NYC Mayor-Elect Mamdani Stuns Supporters With Charter School Decision

Mayor-elect Zohran Mamdani declined to respond to a written request from 19 New York City charter school leaders seeking a meeting to explore collaboration on educating disadvantaged students—an apparent snub that has drawn criticism from education advocates and city leaders alike.

In a Dec. 1 invitation, the charter school operators told Mamdani they were eager to work with him and argued that charter schools could help advance his stated affordability agenda. Rather than engage, the democratic socialist simply ignored the outreach, the New York Post reported.

“Equity and affordability are inseparable,” the leaders wrote in the letter, according to The Post. They proposed Dec. 12 as a potential date for a meet-and-greet at Ember Charter School for Mindful Education.

“When a family can count on an excellent public school near home, life gets less expensive: fewer hours on buses, fewer tutoring bills, fewer impossible choices between rent and opportunity,” the letter continued, per The Post. “In short, when equity rises, fewer people, especially black and brown families, feel compelled to leave our great city.”

Despite the respectful tone and concrete offer, Mamdani never replied.

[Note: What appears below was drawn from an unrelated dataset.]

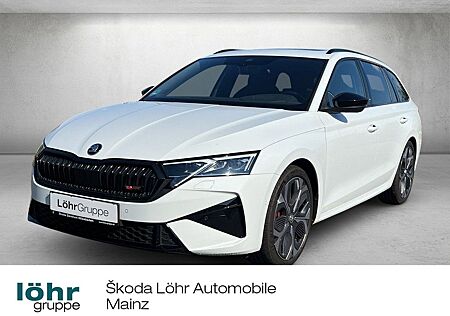 Skoda Octavia Combi RS DSG 2.0 TSI 195 kW RS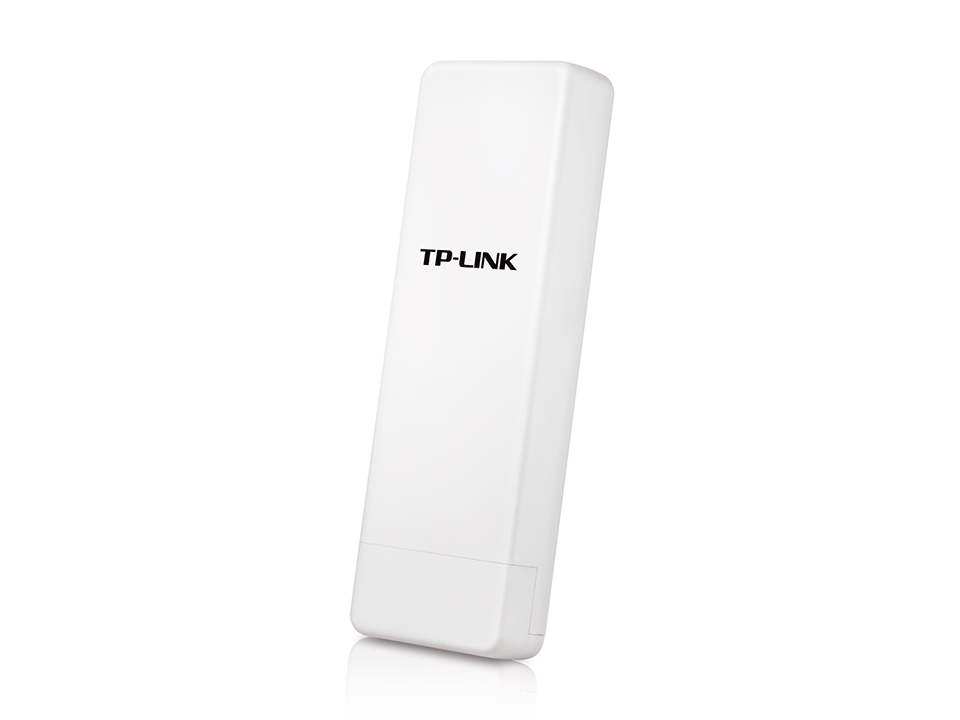 Точка доступа TP-Link наружная 150a, 5ГГц 802.11a/n, встроенная 15 дБи направленная антенна, 1*WAN/LAN 10/100, IPX5 TL-WA7510N TL-WA7510N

“So far there’s been radio silence,” Eva Moskowitz, founder and CEO of the city’s largest charter school network—the 59-school Success Academy—and a co-signer of the letter, told The Post.

Moskowitz nevertheless struck a conciliatory note, saying she remains “optimistic” about building a constructive relationship with the Mamdani administration. She suggested the mayor-elect deserves some patience as he navigates the holiday season and works to assemble his team, noting that he has not yet named a schools chancellor.

“Let’s put petty politics aside,” Moskowitz told The Post. “I’m patient.”

Charter school leaders contrasted Mamdani’s silence with their experience under Mayor Eric Adams, whose administration maintained a generally cooperative relationship with the sector. They also recalled frequent clashes with former Mayor Bill de Blasio, whose left-wing administration took an openly adversarial stance toward charter schools.

Despite Mamdani’s past opposition to charters, the school leaders reiterated their willingness to work with his incoming administration. In their letter, they pledged to support his proposed universal child care initiative.

“To be clear: our hands are raised sir, and we stand ready to do more. This includes helping to deliver on universal childcare AND more high-quality charter schools,” the charter representatives wrote in the letter, which was co-written and co-signed by Rafiq Kalam Id-Din II, founder of Ember Charter, according to The Post.

Charter schools educate more than 150,000 students across 285 schools citywide—accounting for more than one in six students enrolled in publicly funded schools in New York’s five boroughs. Yet Mamdani did not appoint a single charter school official to his transition Committee on Youth and Education, one of 17 transition teams totaling roughly 400 members, the outlet reported.

During the campaign, Mamdani opposed charter school expansion, rejecting proposals to raise the state cap on charter schools or allow additional charters to operate within city-owned school buildings.

Charter schools are publicly funded but privately operated by nonprofit organizations. Most staff are not unionized, and students are admitted through a lottery system. These schools typically operate with longer school days and extended academic years, and their students often outperform peers in traditional public schools on state math and English language arts exams, according to The Post.

The New York Post editorial board was far less forgiving of Mamdani’s decision to ignore the charter leaders.

“You’d expect Mayor-elect Zohran Mamdani, a Democratic Socialist, to want all kids to have access to high-quality schools that facilitate upward mobility,” the board wrote. “Yet he just dissed leaders from 19 city charter-school networks who offered to help provide just that access.

“Clearly, he’d rather side with ideologues and special interests that oppose charters,” the editorial continued.

“Truth is, charters — which are free, privately run and publicly funded — can contribute enormously to Mamdani’s goal of ‘affordability,’” the board added. “[B]lowing off these excellent schools would not only hurt kids; it would be a missed opportunity to advance his own ‘affordability’ agenda.”

For critics, the episode raises early questions about Mamdani’s willingness to engage with successful, results-driven education models—or whether ideological rigidity will override opportunities to expand choice and improve outcomes for New York City families.